Maren Morris, the only woman country radio programmers have heard of, and Zedd, an EDM festival headliner known even to people who do not attend EDM festivals, were not doing badly for themselves separately. And together (with a production duo called Grey), they made “The Middle,” the cross-branded hit that conquered dance charts, pop radio, New York Times video producers, and Taylor Swift alike. In some ways it’s an interesting song: There’s the odd-couple factor, of course, and the bold performance by Morris, who brings texture to a world of interchangeable EDM-pop vocalists. The charm wears thin almost as quickly as the tick-tocking clock beat and slot-machine synths, the underpinnings of a sore-thumb smash primed to squeeze between commercial bumpers. Zedd auditioned a dozen singers for Morris’s part, which doesn’t seem so impressive once you realize that the monster chorus of “The Middle” is substantially the same as one of last year’s most grating hits, Zedd and Alessia Cara’s “Stay.” Pop music as product meets planned obsolescence. — ANNA GACA
Juice WRLD — “Lucid Dreams”
Every so often an act becomes inexplicably popular with a segment of young people, and those working in music media try their hardest to convince themselves that they, too, are keeping pace with what’s hip and relevant. The thing is, sometimes the children are wrong, or at the very least have been lead astray by a false god.
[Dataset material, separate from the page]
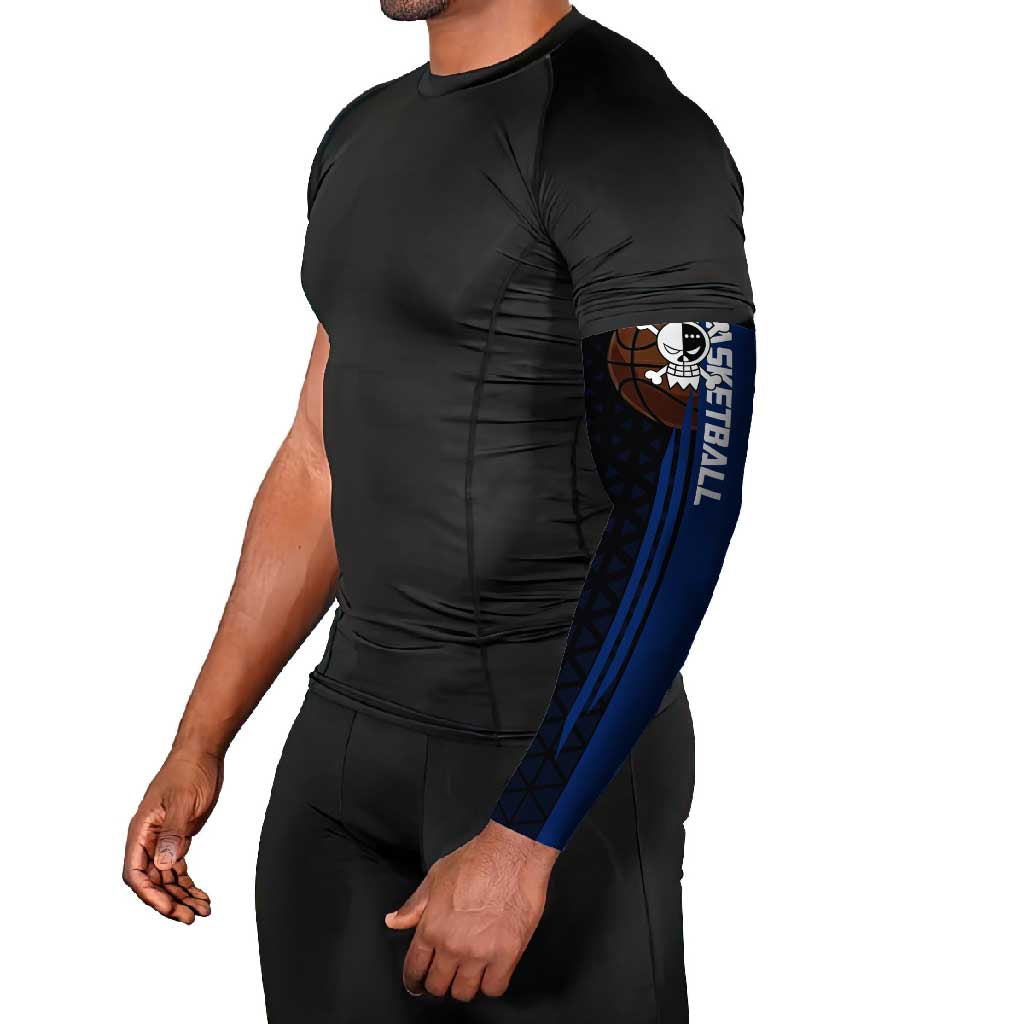 Franky One Piece Basketball Crossover Design Arm Sleeves with Blue Uniform and Mechanical Arm Action Pose - The Mazicc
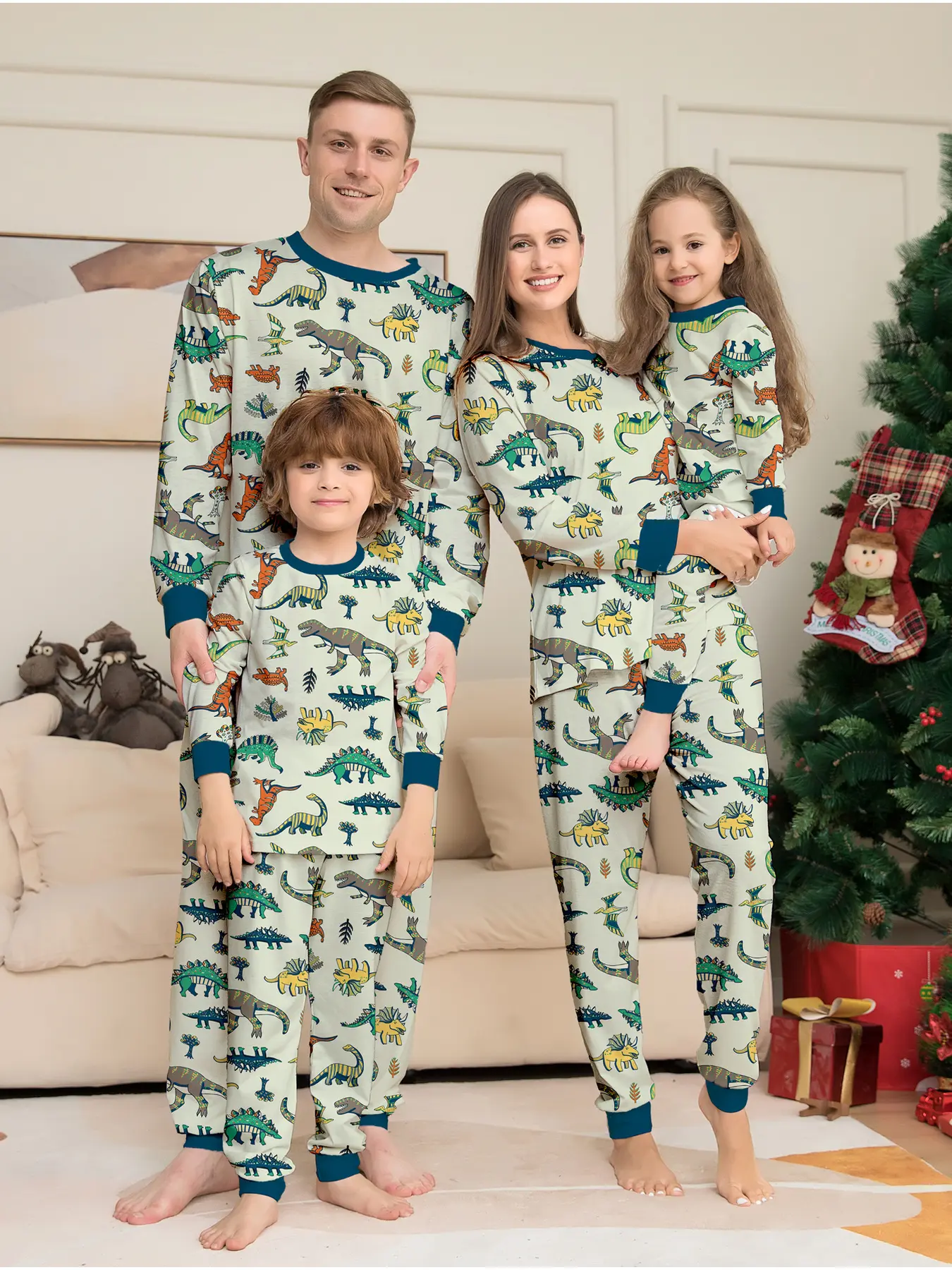 Family Matching Christmas Pajamas Set for 4, Santa & Tree Print Two-piece Loungewear with Red Trim, Soft Breathable Knit, Perfect for Xmas Photos, Party & Daily Sleep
There is nothing interesting or engaging about Juice WRLD, as a rapper, as a persona, or even as an ironic bit. Juice WRLD is the worst tendencies of mid-to-late 2000s emo—cloying, whiny, immature, superficial, coded in chauvinist self-victimization and gaslighting—adapted for the Soundcloud rap era. If an act like Lil Peep was a sort of Taking Back Sunday or Blink-182, than Juice WRLD is Simple Plan, the most derivative possible version that perfectly encapsulates every critique or dismissal directed at the genre in general.
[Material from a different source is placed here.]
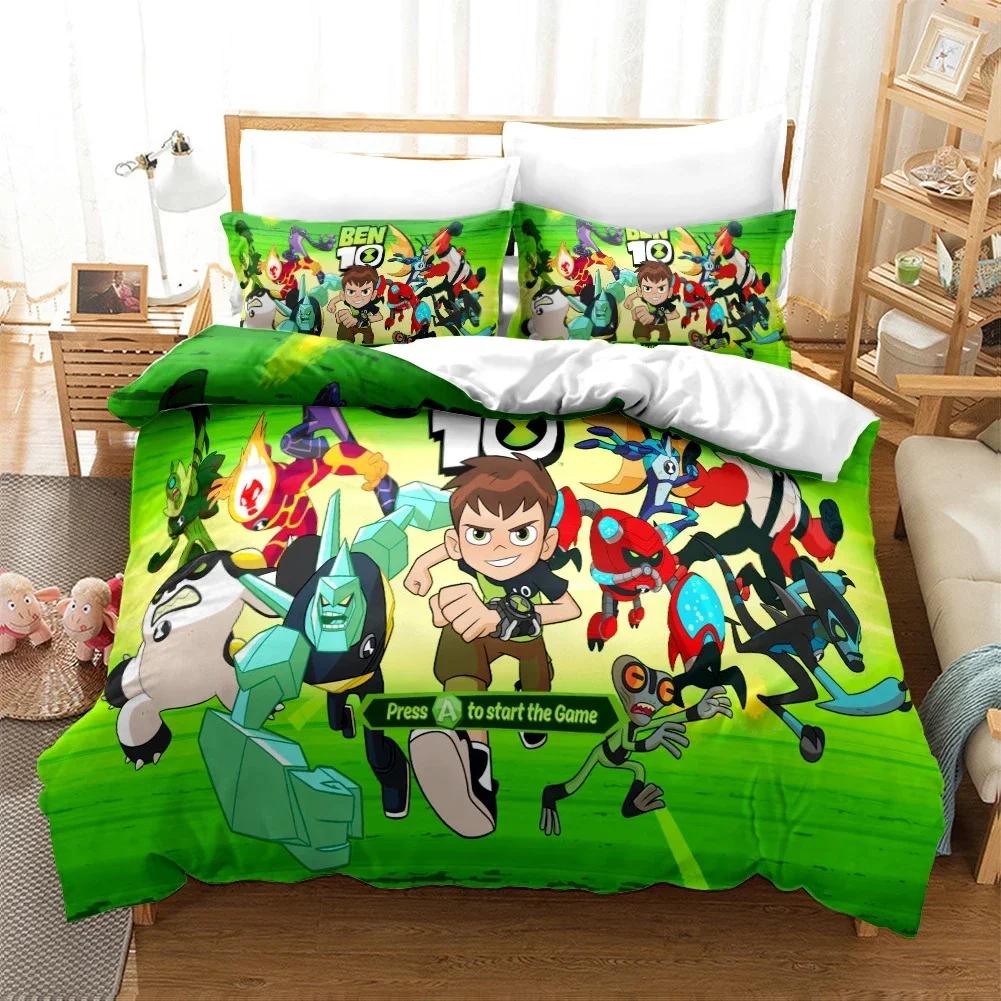 3D Ben Alien Force 10 Comfortable Duvet Quilt Cover Pillowcase Bedding Set Children Bedroom Decoration Home Textile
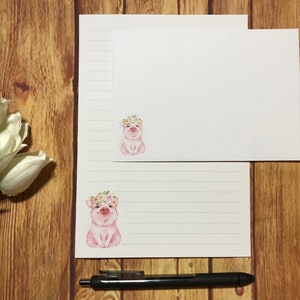 Juego de escritura A5 con diseño floral de cerdito, correo postal, Happy Post, amigo por correspondencia, papelería personalizada, juego de cartas, sobres para juego de escritura A5, papel para notas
“Lucid Dreams,” Juice WRLD’s biggest and most popular record, represents the ethos of his music and style, full of the same tired clichés of taking drugs to feel something that have polluted so much of rap music over the past couple years. But the worst thing about “Lucid Dreams,” and Juice WRLD writ large, is the obsession with the unknown women who’ve apparently led him down this dark path. It is the most typical and eyeroll-inducing brand of male fantasy: the idea that a woman has wronged them and thus made them the heartless yet sensitive thugs they are today. Nothing about Juice WRLD is original or even interesting, yet I’ve had to listen to influencers and music writers act like he’s “got next” because… I don’t know, he has a cool haircut? While I do feel it necessary to call out this navel-gazing bullshit, it’s not because I find Juice WRLD personally offensive. He’s much too boring. — ISRAEL DARAMOLA
Kendrick Lamar — “All the Stars” ft. SZA
Is there a song you want to hear less at this point in your life than “Empire State of Mind?” If not, keep in mind that the song, with its sickeningly sweet pianos and towering mountain of Alicia Keys-branded pablum, was embraced at the time, winning the 2009 Pazz and Jop critics poll and placing as Pitchfork’s No. 44 song of the year. 2018 gave us its own version of this capitalist monument, uniting a beloved rapper and R&B singer for a song that was bound to be successful while bearing only trace elements of what people like about said rapper and singer in the first place.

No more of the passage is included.